__WHAT TO PRODUCE__. Copy the data that follows exactly as it is, excluding all pictures.

__SUPPLIED INFORMATION__.
------------------------------------------------
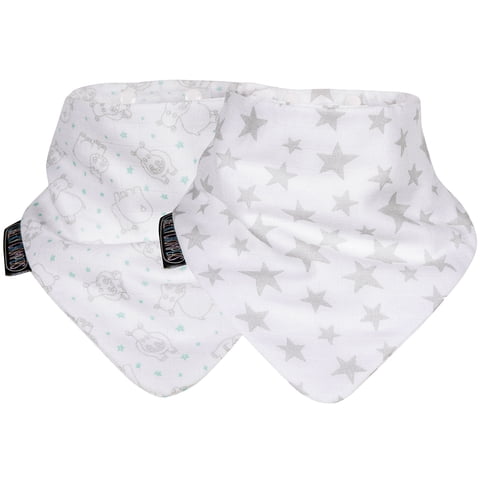 Cheekychompers - Pack Babero Con Mordedor 100% Orgánico -Stars&Hippo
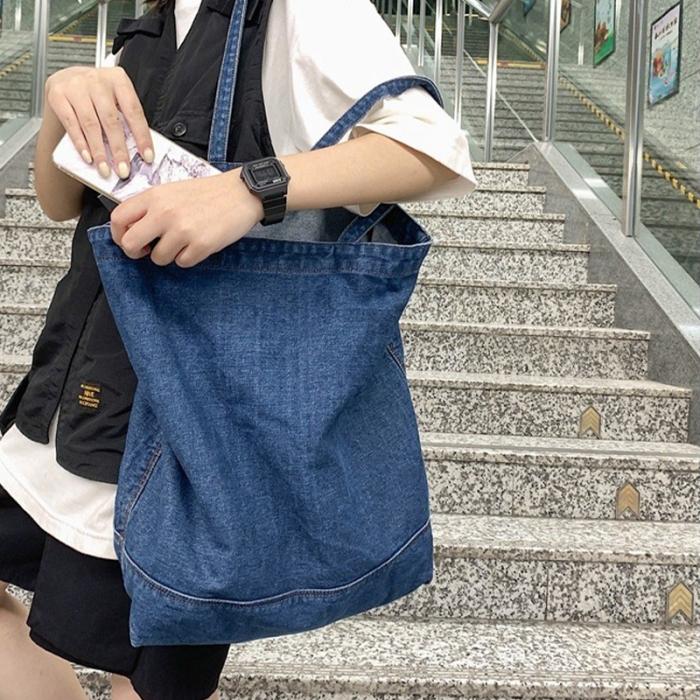 91家纺网 家纺一手货源 找家纺 【牛仔帆布包】日式无印牛仔布包良品大容量手提包学生挎包休闲包男女通勤包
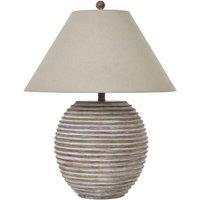 KDMD Saturn Table Lamp with Linen Shade - Modern & Elegant Lighting in Beige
------------------------------------------------
__ANSWER BELOW__.
 Cheekychompers - Pack Babero Con Mordedor 100% Orgánico -Stars&Hippo
 91家纺网 家纺一手货源 找家纺 【牛仔帆布包】日式无印牛仔布包良品大容量手提包学生挎包休闲包男女通勤包
 KDMD Saturn Table Lamp with Linen Shade - Modern & Elegant Lighting in Beige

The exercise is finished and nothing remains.